The locker room is quiet. Players are down. Then Davenport asks them a question. “What’s the first thing I said to you guys when I came in here after the game?”
No one answers. He goes around the room, from player to player. Wrong answer, wrong answer. Only one, guard Dylan Penn, remembers – Davenport said that any coach would be happy to coach a group of players like them.
“We should’ve won the game,” Davenport tells his players. “I don’t care what anybody says, we should’ve flat won the game. . . . That blows my mind that we have a team like this, and only one guy knew that I praised you when I started talking. One guy. That’s sad. That’s a really sad commentary. All we talked about before the game, I asked you why you came here, and we talked about being a giver, and listening and helping teammates. I asked you this morning before we started film. . . . And now we’ve got guys coming in here and can’t even listen, because they’re worried about themselves. This was a lost day, a total lost day, that not but one guy thought enough to listen. . . . I am really disappointed. But, to be honest with you, that’s how you played. . . . Well, it starts now. This part of the season is over. We’re playing two regional games right out of the box. We’ll see if we get better. You guys have anything to say? You can’t just talk when it’s good. Ben you got anything? Alex?”
Alex Cook jumps in: “I already told them, we don’t like this feeling, we’ve got to get better this week, and we’ve got one Friday that counts.”
Davenport says, “That’s great, but how are you going to do that, but how? I admire that, but how are you going to do that?”
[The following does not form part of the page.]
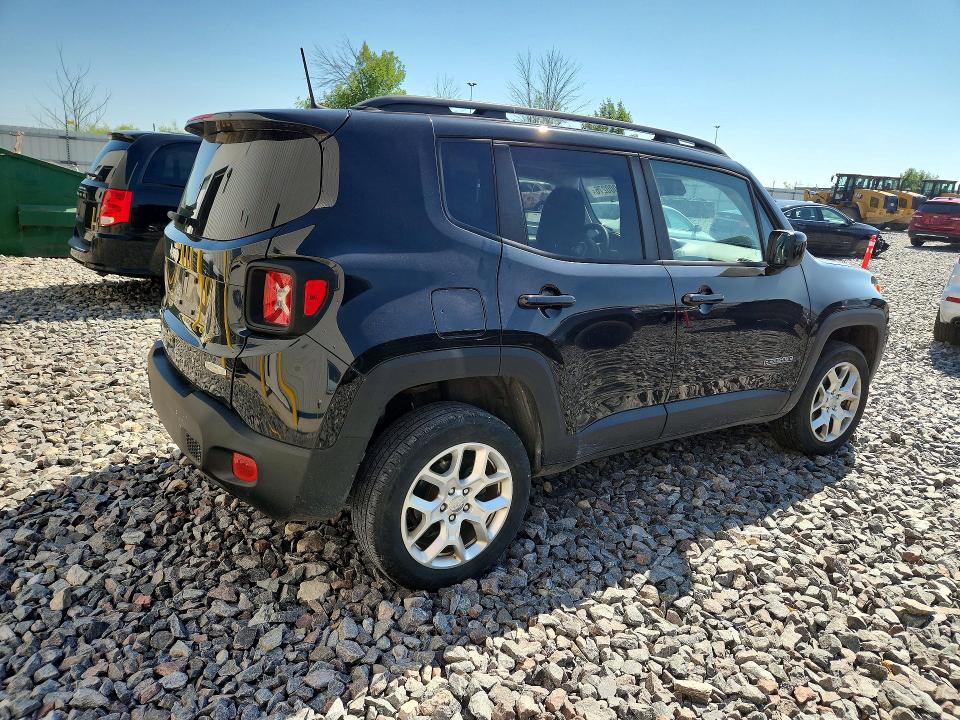 2018 Jeep Renegade VIN ZACCJBBB0JPH74412 COPART salvage auction — FRONT END, Wi - Certificate Of Title, sold $4,400 on 2026-08-17 (photo 3)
Cook: “Work our butts off in practice.”
Davenport: “You know what I’m going to say. Show me, don’t tell me. . . . Practice is going to be different Monday, you can’t write that down. Trust me. That’s not punishment, it’s to make you better. Not that anybody is listening to what I’m saying. We’ve now played two games in a row and had one guy called for a foul blocking out (for a rebound). . . . I’m serious, I’m disappointed. I’m disappointed because you didn’t do something as simple as listen. So let me repeat it – there’s not a coach anywhere in this world who wouldn’t want to coach as good a group of guys as you. I mean it. And it rips my heart out when you cheat yourself, and that’s what you did the past two games. They’re all controllable, fixable things. All right, bring it up.”
The bus pulls out of South Bend at 9:30 p.m. Trainers hand out pre-ordered pizzas to players. From his seat, Davenport studies the stat sheet. He huddles with his son and Braden, talking about personnel, and potential moves. The bus rolled back into the Knights Hall parking lot at about 2:15 a.m.
There are those who might hear or read his comments to the team and consider them harsh, given that Bellarmine is a small D-2 school taking on Power 5 opponents. They’re not looking at it the way Davenport does. He sees those games as opportunities. He sees how tight they were at the end and knows how close his team was, even without playing its best.
More than anything, he knows, he can’t allow losing to become acceptable, no matter who the opponent is. He can’t let it be comfortable, not if he wants his team to use it the right way.
On Thursday night, Davenport said, “We had a great week of practice.”
On Friday night at 8 in Knights Hall, the season begins, and from here on, the games count.